Like Auden in “Spain 1937,” another propaganda poem that transcends its genre, Fearing combines idiosyncrasy of voice with collective sensibility. Fearing hasn’t Auden’s light touch and extreme virtuosity, but there’s a scary hilarity to Fearing’s grim, hyperactive march to the grave. Sarcasm has seldom performed better in a poem:
And wow he died as wow he lived,
going whop to the office and blooie home to sleep and biff got
married and bam had children and oof got fired,
zowie did he live and zowie did he die.
Very much missed by the circulation staff of the New York
Evening Post; deeply, deeply mourned by the B.M.T.
Still, the poem really only becomes completely memorable with its register-shifting final couplet:
Wham, Mr. Roosevelt; pow, Sears Roebuck; awk, big dipper; bop,
bong, Mr., bong, Mr., bong, Mr., bong.
There’s a bit of Cummings-style attitude there (“and what i want to know is / how do you like your blueeyed boy / Mister Death”). Maybe a bit of Vachel Lindsay-style boomalacka. Fearing also seems to point forward — consider Ginsberg’s long lines and public pronouncements, without his ego — or Frank O’Hara’s careening, laughing, almost joyful desperation.

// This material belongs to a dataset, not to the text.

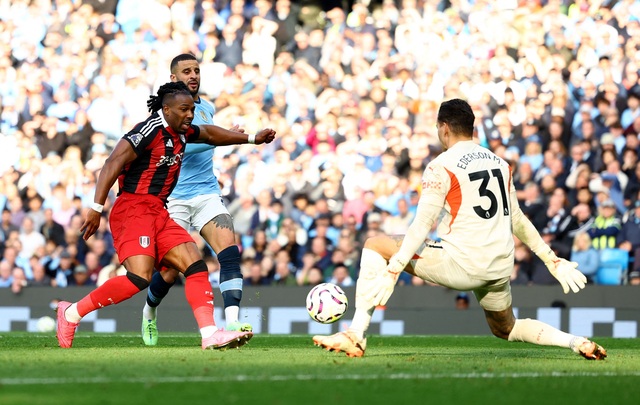 Arsenal, Man City ngược dòng thắng đậm trên sân nhà- Ảnh 6.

Fearing, with his limited range, isn’t a major poet. Major poets tend to have much more highly-defined egos. Fearing’s poems’ primary mission is to tell you about economic injustice. But it’s not mere propaganda — there’s something quite convincing about Fearing’s conviction, his honest and un-self-aggrandizing belief. It’s hard to be enthusiastic, exactly, about Fearing — he himself is not enthusiastic about much. But it’s easy to take him seriously, because he’s seriously interested. Neel’s word “deadpan” is perfect — just deadpan and conviction, mocking the whole idea of conviction. There are times I’d rather read “awk, big dipper; bop, summer rain; / bong, Mr., bong, Mr., bong, Mr., bong” than most any other words.
Anyhow, you can’t only stick to greats — it’s not good for the health. Fearing is an antidote, in small doses. He’s a reminder of the diversity of the art, as a writer of very good poems of a kind you forgot, or never knew, were possible, because here we are in 2013, not 1935. In 1935, lots and lots of people were desperate, war loomed, unemployment was high, jobs were scarce, the rich were savagely rich, and — wait a minute. Are things really that different now? Sometimes — bong, Mr., bong — Kenneth Fearing might be just what you need. He doesn’t deserve to be forgotten — not yet.